我們都在朝著愛與理解中前進,幸福是必然的!

Your 3-Year-Old​: Hand-washi​ng 101

2012年08月07日
Hand-washing 101

Now that she has better dexterity, can follow a sequence of steps, and has an emerging interest in tidiness, your child is ready to take charge of hand-washing. In addition to cutting down on the number of things you need to do for her every day, it will also reduce the number of colds she contracts during busy days at preschool and the playground. Most preschoolers feel proud to take care of themselves this way.

Your 3-year-old now
If you were to stick your child's fingers under a microscope, you'd see a long and potentially scary record of where she's been all day. She may still be putting things indiscriminately into her mouth. If she's in preschool, she's sharing germs with all her classmates. Plus she may be using the bathroom by herself. All good reasons for making hand-washing part of her daily routine.

Insist that your child wash up before snacks and meals and after coming in from outside. Keep a step stool near the sink so she can reach the faucet. Show her how to work the hot and cold taps. Demonstrate how to rub soap all over the top and underside of the hands, also getting between the fingers. Sing the ABCs while she lathers as an easy way to make sure she scrubs for at least 20 seconds. Teach her how to dry with a hand towel and thank her for replacing the towel when she's done.

Some kids respond to a simple rationale: Explain that there are invisible germs all over her hands and that it's important to make them disappear down the drain where they can't make her sick.
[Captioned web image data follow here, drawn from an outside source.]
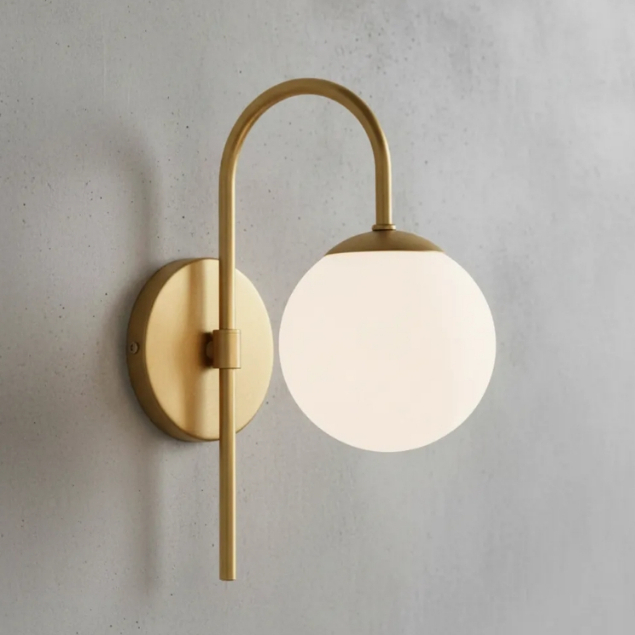 Arandela Parede Globo Jabuticaba G9 S/ Lâmpada Dourado Fosco Quarto Sala Cabeceira Decoração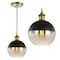 Jonathan Y Nixon 7.5" 1-Light MidCentury Modern Metal/Glass Adjustable Drop Globe LED Pendant, Brass Gold/Black JYL3513A - alternate 5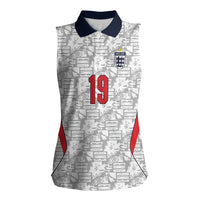 Custom World Football 2026 England Women Sleeveless Polo Shirt Three Lions Monogram White Glory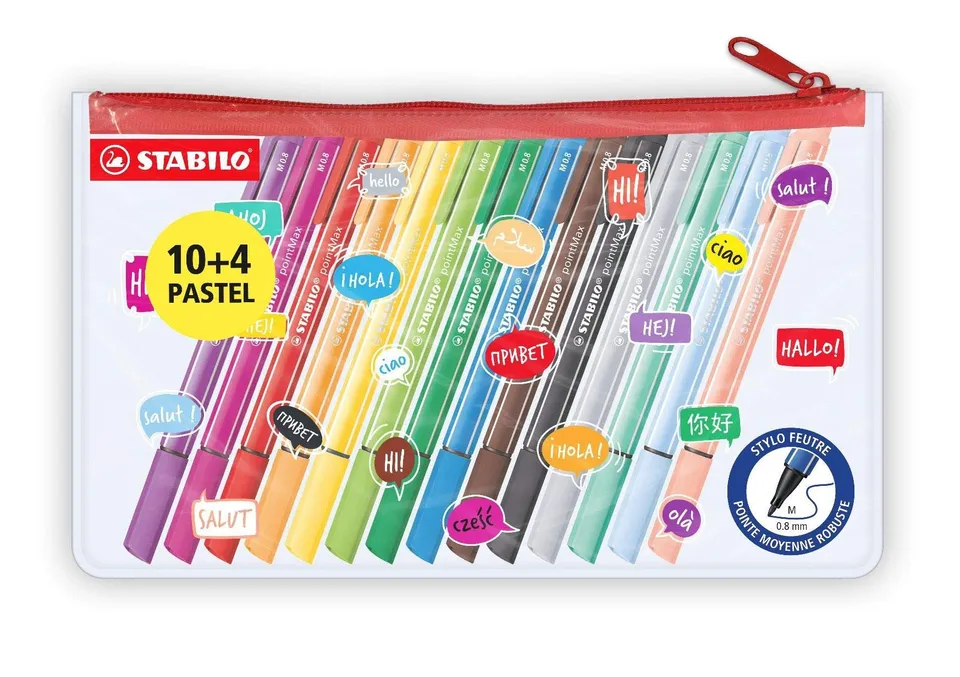 stabilo-pointmax-trousse-14-stylos-feutres-pointe-0-8-mm-dont-4-pastel image 1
For others, it works better to stress the pleasures of bubbles and water and to let them practice by washing up toys and dolls.

Your life now
Whether from pride or exasperation, sometimes parents inadvertently label their children: "You're so sassy." "Stop being stubborn." "Aren't you handsome?" "Sara's so shy." Whether negative or positive, labels can limit a child's horizons and sense of herself. (Think back to the labels you may have gotten from your own parents — were you the cute, ditzy one or the brainy "ugly duckling"?) Better to be specific about your child's attributes and accentuate the positive as well. Instead of telling someone your child is shy, for example, you could say, "Sam is reserved in new situations, but once he warms up he has a lot of fun." Rather than "You're so pretty," try, "Wow, did you pick out that pretty red dress all by yourself?"